The nucleotidyltransferase domain of HldE cleaves an ATP into an AMP and one molecule of pyrophosphoric acid (PPi). The AMP is employed to activate β-d-pyranose 1-phosphate into ADP-β-d-pyranose, and the PPi can be hydrolyzed into inorganic phosphate (Pi) by a PPase and measured conveniently by a colorimetric assay as shown in Fig. 4a. Pi reacts with the premixed malachite green and ammonium molybdate agent under acidic condition to generate a malachite green complex, and the signal can be easily read at 630 nm. We developed a stable detection process by controlling the reaction and the detection conditions to minimize the background influence. Then, the reaction conditions of HldEVC and HldEVP as well as HldEEC were optimized by measuring the Pi generation during the process. It was showed that the three enzymes reached their maximal activities at 30 °C, and the optimum pHs of HldEVC, HldEVP, and HldEEC were 8.5, 8.0, and 7.5, respectively (Figs. S8 and S9). Subsequently, steady-state kinetic studies were carried out under the optimized conditions. The Km and kcat values against both substrates, β-d-mannose 1-phosphate and ATP, were collected and summarized in Fig. 4b. HldEVC and HldEVP displayed comparable Km and kcat values. HldEEC from E. coli exhibited slightly higher affinities to β-d-mannose 1-phosphate and ATP substrates than HldEs from Vibrio species, while it had comparable turnover numbers (Fig. 4b; Fig. S10).

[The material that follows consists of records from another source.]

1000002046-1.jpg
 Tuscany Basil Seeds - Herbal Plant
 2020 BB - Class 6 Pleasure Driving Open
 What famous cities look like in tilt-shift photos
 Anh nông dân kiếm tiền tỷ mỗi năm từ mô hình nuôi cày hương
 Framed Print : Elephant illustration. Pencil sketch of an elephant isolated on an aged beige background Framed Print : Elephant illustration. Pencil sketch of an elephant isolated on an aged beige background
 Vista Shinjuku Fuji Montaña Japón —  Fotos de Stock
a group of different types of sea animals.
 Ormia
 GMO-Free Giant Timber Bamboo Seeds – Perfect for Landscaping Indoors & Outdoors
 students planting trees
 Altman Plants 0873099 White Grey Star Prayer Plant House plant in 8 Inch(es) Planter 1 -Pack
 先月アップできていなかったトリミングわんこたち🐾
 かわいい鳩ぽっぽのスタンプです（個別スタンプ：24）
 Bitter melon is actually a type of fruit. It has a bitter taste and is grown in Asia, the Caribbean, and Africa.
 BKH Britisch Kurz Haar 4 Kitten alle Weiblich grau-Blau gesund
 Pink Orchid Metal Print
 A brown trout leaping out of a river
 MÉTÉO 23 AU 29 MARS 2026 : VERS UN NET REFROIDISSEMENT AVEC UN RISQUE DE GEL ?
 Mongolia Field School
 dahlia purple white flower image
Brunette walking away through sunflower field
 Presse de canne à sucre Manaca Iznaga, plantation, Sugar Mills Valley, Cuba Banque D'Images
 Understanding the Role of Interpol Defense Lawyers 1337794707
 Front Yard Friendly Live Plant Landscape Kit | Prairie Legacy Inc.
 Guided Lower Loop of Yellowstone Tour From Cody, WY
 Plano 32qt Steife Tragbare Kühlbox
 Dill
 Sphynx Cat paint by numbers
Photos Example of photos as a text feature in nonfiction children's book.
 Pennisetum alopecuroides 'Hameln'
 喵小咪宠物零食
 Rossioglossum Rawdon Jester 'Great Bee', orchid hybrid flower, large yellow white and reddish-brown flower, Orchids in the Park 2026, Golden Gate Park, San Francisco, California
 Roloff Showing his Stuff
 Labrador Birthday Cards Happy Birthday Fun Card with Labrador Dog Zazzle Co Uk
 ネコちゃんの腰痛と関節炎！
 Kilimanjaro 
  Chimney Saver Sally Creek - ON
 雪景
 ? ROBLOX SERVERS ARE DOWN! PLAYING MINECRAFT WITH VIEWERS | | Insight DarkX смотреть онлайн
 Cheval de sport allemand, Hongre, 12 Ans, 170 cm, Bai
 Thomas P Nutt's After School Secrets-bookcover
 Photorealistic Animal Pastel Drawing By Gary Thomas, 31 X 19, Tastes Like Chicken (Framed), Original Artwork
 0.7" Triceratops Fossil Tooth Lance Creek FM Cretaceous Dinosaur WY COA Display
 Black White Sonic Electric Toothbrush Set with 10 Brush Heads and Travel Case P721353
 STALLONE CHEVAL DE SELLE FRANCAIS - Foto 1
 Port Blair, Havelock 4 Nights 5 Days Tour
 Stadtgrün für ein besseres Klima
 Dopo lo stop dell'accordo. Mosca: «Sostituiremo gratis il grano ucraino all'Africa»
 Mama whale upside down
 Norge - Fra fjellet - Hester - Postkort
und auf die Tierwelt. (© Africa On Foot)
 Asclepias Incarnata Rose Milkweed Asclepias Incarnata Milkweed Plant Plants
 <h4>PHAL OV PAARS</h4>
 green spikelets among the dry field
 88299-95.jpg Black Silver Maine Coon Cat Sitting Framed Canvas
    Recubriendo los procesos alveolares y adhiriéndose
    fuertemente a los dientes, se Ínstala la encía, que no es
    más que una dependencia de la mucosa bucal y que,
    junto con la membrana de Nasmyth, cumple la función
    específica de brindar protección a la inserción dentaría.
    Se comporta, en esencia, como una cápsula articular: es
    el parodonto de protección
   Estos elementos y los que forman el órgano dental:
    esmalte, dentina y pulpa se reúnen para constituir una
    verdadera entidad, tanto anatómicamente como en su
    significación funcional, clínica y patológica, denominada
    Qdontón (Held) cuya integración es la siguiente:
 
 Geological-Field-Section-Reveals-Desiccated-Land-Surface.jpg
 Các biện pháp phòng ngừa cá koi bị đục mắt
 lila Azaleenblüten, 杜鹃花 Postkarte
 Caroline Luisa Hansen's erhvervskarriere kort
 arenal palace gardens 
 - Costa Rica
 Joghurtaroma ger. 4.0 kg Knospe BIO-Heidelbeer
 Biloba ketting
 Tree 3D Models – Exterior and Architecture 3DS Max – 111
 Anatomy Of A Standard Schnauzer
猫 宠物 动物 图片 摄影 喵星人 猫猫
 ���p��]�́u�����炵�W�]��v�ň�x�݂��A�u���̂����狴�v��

Determination of the kinetics of the nucleotidyltransferase domains of HldEs. a A scheme of the colorimetric assay for detecting the formed PPi group that is generated by the nucleotidyltransfer reaction. b The kinetic parameters of the nucleotidyltransferase domains of HldEs against different substrates
Discussion
Vibrio genus contains several important pathogenic species (e.g., V. cholerae and V. parahaemolyticus) that can cause human diseases. Many people around the world are suffering waterborne and foodborne vibriosis with symptomatic entities such as watery diarrhea, stomach cramping, nausea, vomiting, fever, and chills (Dutta et al. 2021). ADP-β-d-manno-heptoses participate in the assembly of LPS, a virulence factor of Vibrio infections (Qadri et al. 2003; Chatterjee and Chaudhuri 2003), and are also powerful agonists that could trigger NF-κB-mediated innate immune responses (Janeway Jr. and Medzhitov 2002; Zhou et al. 2018). However, little is known about the formation mechanism of ADP-β-d-manno-heptoses in Vibrio species or the influences of those ADP-sugars on their pathogenesis. In this work, we characterized the manno-heptose biosynthetic enzymes from two Vibrio strains and proposed that Vibrio adopts the same biosynthetic pathway as E. coli to synthesize ADP-d,d-manno-heptose and then ADP-l,d-manno-heptose using S7P as a precursor. In this process, S7P goes through a four-step reaction relay including isomerization, phosphorylation at C-1″, dephosphorylation at C-7″, and nucleotide activation to form ADP-d,d-manno-heptose. ADP-d,d-manno-heptose is further epimerized at C-6″ to generate ADP-l,d-manno-heptose, which is then loaded to lipid A to assemble the inner core of LPS. The results showed that Vibrio strains synthesize ADP-β-d-manno-heptoses as most of the other Gram-negative bacteria. Characterization of the enzymes involved in manno-heptose biosynthesis paves the way for further investigations on the influences of ADP-β-d-manno-heptoses on Vibrio pathogenesis.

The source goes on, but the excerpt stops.